------ DATA BELOW ------

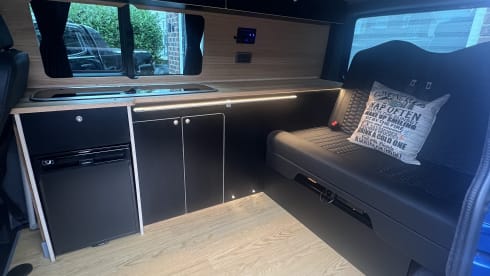 Bluey – 4 berth Volkswagen campervan from 2020
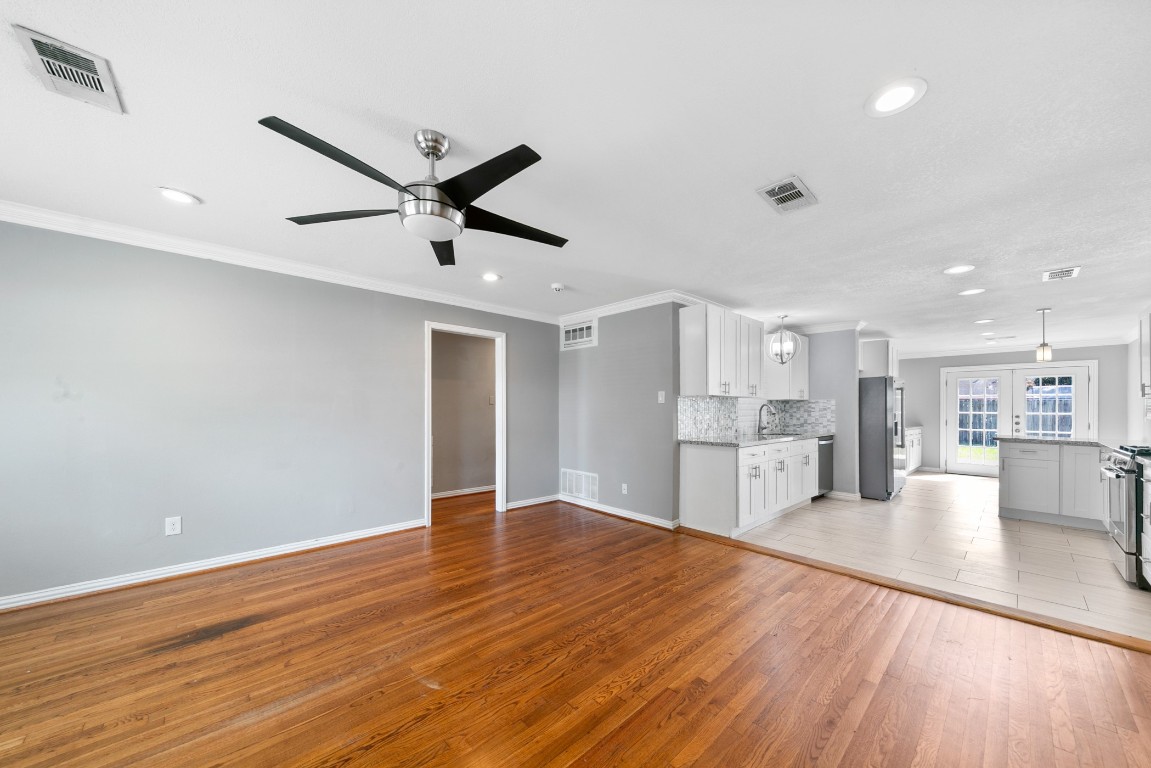 6915 Jalna Street Houston, TX 77055 - Photo 5 of 29 Timeless charm throughout with beautiful original wood floors in the living room and bedrooms.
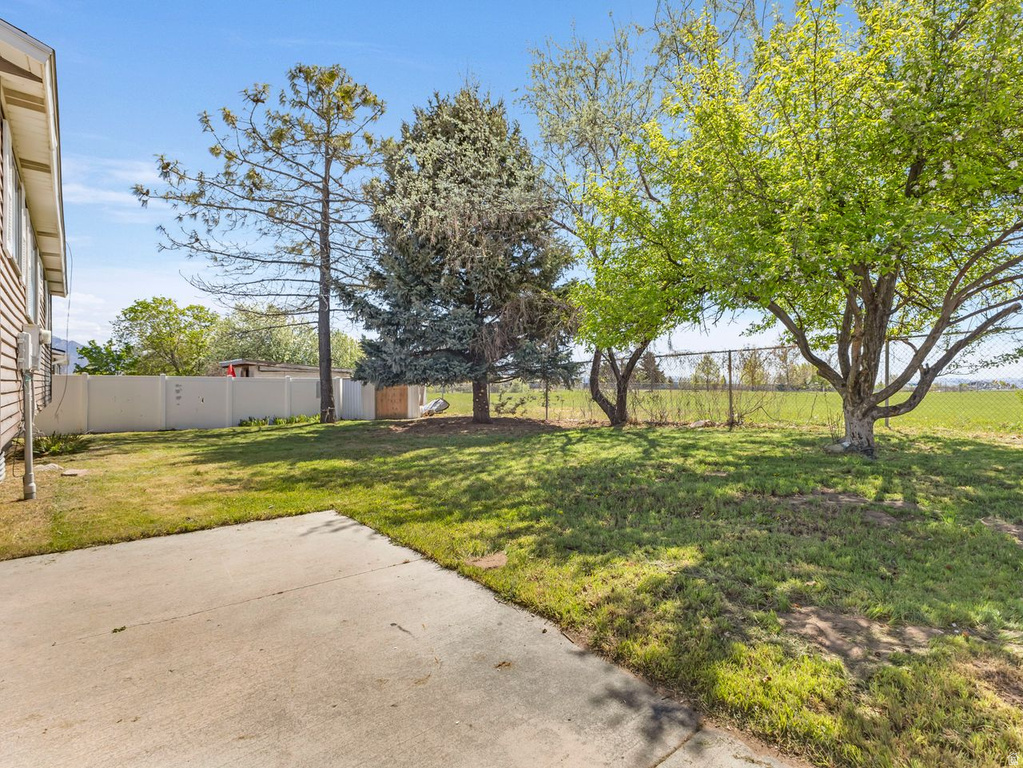 5089 W HIGHWOOD DR Kearns, UT 84118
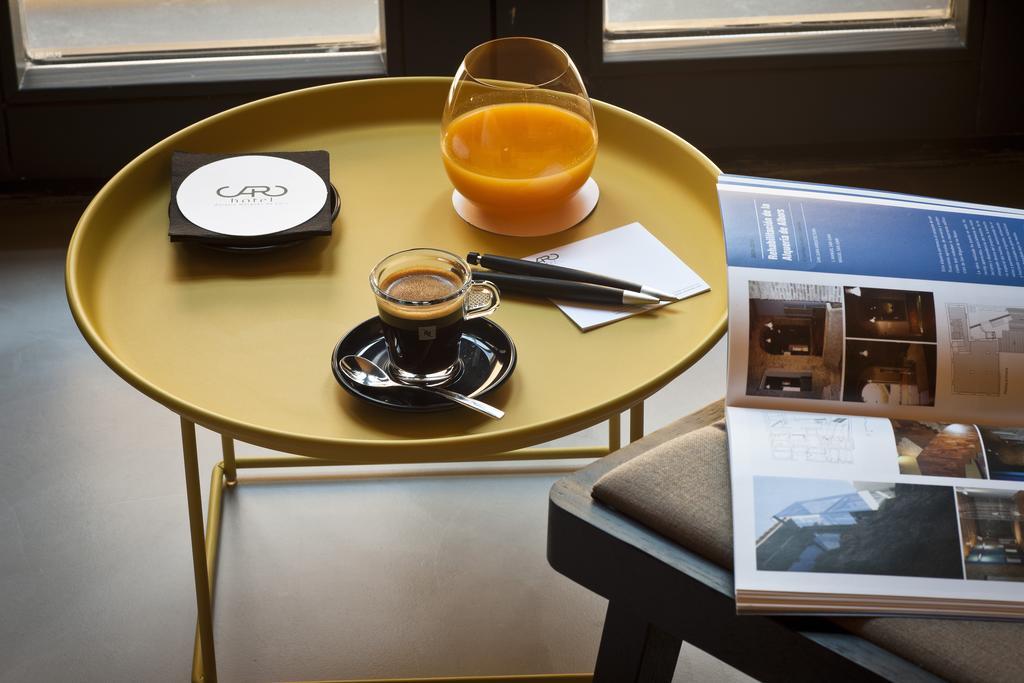 卡罗酒店 瓦伦西亚 外观 照片 A coffee table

------

TASK INSTRUCTIONS:
From the line that holds "5089 W HIGHWOOD DR Kearns, UT 84118" to the last line of the data, return those lines exactly and nothing else; both ends count, and pictures stay out.

RESPONSE BOX:
 5089 W HIGHWOOD DR Kearns, UT 84118
 卡罗酒店 瓦伦西亚 外观 照片 A coffee table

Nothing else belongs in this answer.